If your soil is clay and heavy, I suggest amending it with organic potting soil to lighten it and let the roots establish freely. A lightweight potting soil will help with drainage and if you're putting your rose into a pot, you will want to use it. If you're planting your rose in the ground, you can mix 1/2-2/3 ground soil with 1/2-1/3 potting soil. An organic potting soil I've used is Dr. Earth Pot of Gold, however any organic potting soil from your garden center will work.
Here in California many municipalities offer mulch and wood chips to residents. Contact your county or city recycling department and ask if they have a mulch program and most will deliver to your home (for a small fee) or allow you to load a truck from their recycling center (usually free). We like to mulch our roses with a mix of fine mulch and larger wood chips which will break down over the season and provide food for our roses. Mulching helps keep your roses' roots cool, as well as beautifies the garden. Each rose needs 2-4 shovels of mulch evenly spread around the base. To me, there's nothing prettier than a freshly mulched rose bed!
If your rose is already leafed out at planting (ie. came from a pot and not bare root) you can add 1 cup of alfalfa pellets to the top of your soil around the drip line. Just be sure to water the pellets in really well so they break down into the soil. Alfalfa is one of my top ingredients for beautiful roses. I've had roses that looked like they were on the brink of death (such as when emitters stopped working on our irrigation and we didn't catch it time) and about a week after applying alfalfa, they perked up and came back with vigor. I cannot say enough good things about alfalfa and roses!

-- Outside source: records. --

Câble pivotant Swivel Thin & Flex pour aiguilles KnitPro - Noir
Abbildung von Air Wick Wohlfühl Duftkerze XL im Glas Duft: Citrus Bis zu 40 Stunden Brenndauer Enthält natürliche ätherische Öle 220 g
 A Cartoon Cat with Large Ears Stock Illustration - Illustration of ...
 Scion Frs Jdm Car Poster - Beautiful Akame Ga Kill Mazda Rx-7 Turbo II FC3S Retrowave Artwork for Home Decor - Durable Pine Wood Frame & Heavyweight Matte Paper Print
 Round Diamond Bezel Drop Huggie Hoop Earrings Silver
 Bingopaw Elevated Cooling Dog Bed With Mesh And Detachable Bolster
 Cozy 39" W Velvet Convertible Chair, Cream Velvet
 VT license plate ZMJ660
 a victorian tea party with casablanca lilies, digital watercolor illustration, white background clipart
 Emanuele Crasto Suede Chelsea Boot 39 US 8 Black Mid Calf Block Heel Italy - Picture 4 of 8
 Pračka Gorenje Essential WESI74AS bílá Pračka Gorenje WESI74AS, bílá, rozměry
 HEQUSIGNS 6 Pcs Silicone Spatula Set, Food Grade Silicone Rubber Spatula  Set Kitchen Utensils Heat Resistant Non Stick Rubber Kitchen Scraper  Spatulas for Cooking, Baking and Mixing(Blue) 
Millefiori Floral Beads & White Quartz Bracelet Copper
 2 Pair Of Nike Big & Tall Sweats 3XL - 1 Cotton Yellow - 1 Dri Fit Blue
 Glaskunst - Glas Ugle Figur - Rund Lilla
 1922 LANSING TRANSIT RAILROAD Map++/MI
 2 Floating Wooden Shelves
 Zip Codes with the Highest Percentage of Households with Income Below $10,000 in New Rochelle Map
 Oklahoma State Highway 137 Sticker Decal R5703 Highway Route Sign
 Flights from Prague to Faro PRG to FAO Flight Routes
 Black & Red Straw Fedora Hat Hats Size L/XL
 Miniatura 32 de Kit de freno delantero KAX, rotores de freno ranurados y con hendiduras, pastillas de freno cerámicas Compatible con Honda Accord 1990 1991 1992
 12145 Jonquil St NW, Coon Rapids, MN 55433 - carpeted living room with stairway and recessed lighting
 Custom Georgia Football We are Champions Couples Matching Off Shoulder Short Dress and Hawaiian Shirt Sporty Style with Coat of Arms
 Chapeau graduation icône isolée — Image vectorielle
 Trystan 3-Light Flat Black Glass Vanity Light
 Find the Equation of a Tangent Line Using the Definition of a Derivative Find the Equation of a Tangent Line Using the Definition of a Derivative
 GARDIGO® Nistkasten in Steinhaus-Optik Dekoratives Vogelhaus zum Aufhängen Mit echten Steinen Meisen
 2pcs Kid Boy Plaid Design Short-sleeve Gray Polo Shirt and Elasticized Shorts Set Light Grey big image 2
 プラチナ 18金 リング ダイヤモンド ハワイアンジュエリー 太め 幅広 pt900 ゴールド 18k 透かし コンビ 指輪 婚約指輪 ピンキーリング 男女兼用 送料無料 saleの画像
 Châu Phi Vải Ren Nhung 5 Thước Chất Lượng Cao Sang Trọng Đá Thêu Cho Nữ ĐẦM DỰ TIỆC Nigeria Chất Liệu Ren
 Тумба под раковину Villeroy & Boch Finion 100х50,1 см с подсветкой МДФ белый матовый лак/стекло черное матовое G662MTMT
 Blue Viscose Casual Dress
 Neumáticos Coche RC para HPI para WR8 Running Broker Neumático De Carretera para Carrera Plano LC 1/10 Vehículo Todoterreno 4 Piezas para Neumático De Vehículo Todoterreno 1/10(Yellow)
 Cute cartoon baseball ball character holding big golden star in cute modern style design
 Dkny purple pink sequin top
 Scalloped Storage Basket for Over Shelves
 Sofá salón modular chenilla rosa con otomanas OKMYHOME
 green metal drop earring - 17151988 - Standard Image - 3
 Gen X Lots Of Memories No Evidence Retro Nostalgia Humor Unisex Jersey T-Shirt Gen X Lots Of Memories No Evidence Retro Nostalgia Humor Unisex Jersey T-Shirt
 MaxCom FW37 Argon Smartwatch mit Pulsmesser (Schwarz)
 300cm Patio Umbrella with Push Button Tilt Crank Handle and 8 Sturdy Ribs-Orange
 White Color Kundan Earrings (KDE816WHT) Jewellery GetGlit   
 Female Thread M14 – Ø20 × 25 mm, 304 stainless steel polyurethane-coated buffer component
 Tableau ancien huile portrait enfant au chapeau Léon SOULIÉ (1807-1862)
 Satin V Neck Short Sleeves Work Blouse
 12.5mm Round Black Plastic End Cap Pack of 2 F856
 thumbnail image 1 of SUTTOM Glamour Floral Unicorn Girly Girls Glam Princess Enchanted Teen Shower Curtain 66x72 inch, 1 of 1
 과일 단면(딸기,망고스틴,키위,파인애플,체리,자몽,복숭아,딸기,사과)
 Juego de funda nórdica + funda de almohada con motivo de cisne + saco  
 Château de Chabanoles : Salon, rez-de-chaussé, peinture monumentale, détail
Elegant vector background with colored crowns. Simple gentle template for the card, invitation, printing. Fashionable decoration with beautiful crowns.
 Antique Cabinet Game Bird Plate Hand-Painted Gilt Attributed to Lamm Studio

As you will see in our video, planting roses is simple once you get your hole dug! Maybe have a man on hand for that part - I make sure I do! In my next post I will show you how we give our roses their first spring feeding. This is a really important part of rose growing and provides the nutrition for your plants to show off for their first flush of the year. Thank you for following along and we can't wait to show you the beauty our farm is growing this season! Our roses will be blooming in April and we have some really exciting announcements and changes happening at our farm!